Honestly, trying to learn drum mixing online can be very frustrating and a waste of time, especially if the stuff you read was written by a rookie engineer. Even if you can hear audio examples, you could still be learning from someone with a hidden agenda to sell you something. Yes, you could think the same about this article, but please read on, hopefully I will disprove that too.

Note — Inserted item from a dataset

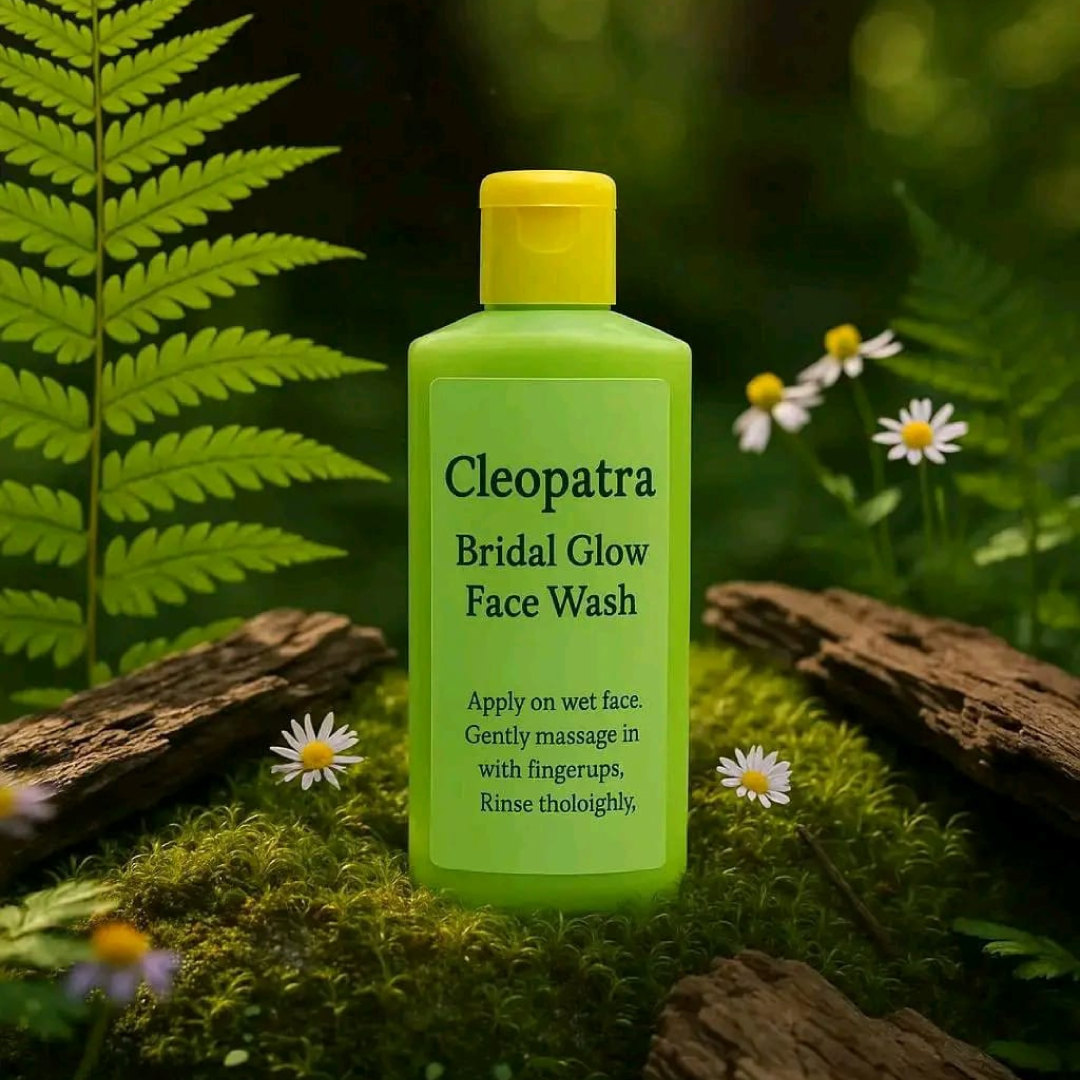 Cleopatra Bridal Glow Face Wash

Setting Up The Right Bass Kick Drum Level

Whatever tips, or online samples you download, hear, etc, the information could be completely wrong for your song/mix. I’m not talking about beat patterns, but track leveling. There are many variables, so you need to listen to what the song needs in the first place. The reality is, there is no instruction manual to get the correct level of a kick drum in any mix. Having said that, you need a flat response speaker monitor to get within the ball park. A nice, full and balanced kick drum is the result of critical monitoring and experience. If you are unsure that you are overcompensating for the lack of a good monitoring environment, try playing your mix on as many systems as you can and listen for how the kick translates. Does this kick drum pop up your chest in and out of your song? Is it deep and phat for your hip hop, dance music track? These questions can only be answered by ‘listening’, and that can be subjective at times. To make it more objective, you’d need a spectrum analyzer. As a matter of fact, with one, you could nail the kick’s mix level each time without needing to check on multiple playback systems, this is especially true if you do mixes very consistently and repetitively all the time. You do need, however, to be RTA trained.

Assuming you have your drums laid out and ready to be mixed, have you ever wondered how some of the mixes you’ve heard sound really punchy and phat? More often than not, what you’ve heard was the result of mastering.

But, were these great sounding bass drums the result of the mastering process alone? The answer is, no. The mix itself has to have the correct bass drum level, eq and compression for this great sound to emerge. Even the kick drum you are trying to record is very important because of its fundamentals. If you are capturing/tracking in your own studio, then the microphone type, its polarity and position is important to the set up and thus, successful recording. Knowing that setting up a drum kit for recording may require anywhere from 2 to 30 mics, this article doesn’t discuss tracking or mixing in the studio. Nevertheless, you may still pick up another tip or two about drum mixing, and you may even learn a bit more about what ME’s can do to improve upon your record’s bottom end, or reinforce what you’ve already learned in the past.

Mixing EDM Bass Drums

In this brief article I focus first on EDM (electronic dance music) and try to explain a few concepts. It all starts with what you choose as your main bass drum. In case you thought I was going to discuss working with only one bass drum track/channel; be aware that the reason some bass drums sound ‘huge’ and fuller than others is usually the result of layering multiple kick drums.

 

The best dance remixers in the world will tell you that in order to get a ‘big kick drum’ sound, you probably need to layer two or more bass drums that complement each other. In theory, if you doubled the same sound, you only increase amplitude, so you end up with the same thing, only louder. That’s not what we are after. If you use a drum track copy and shift it, the result is a phasey kick drum. We don’t want that either.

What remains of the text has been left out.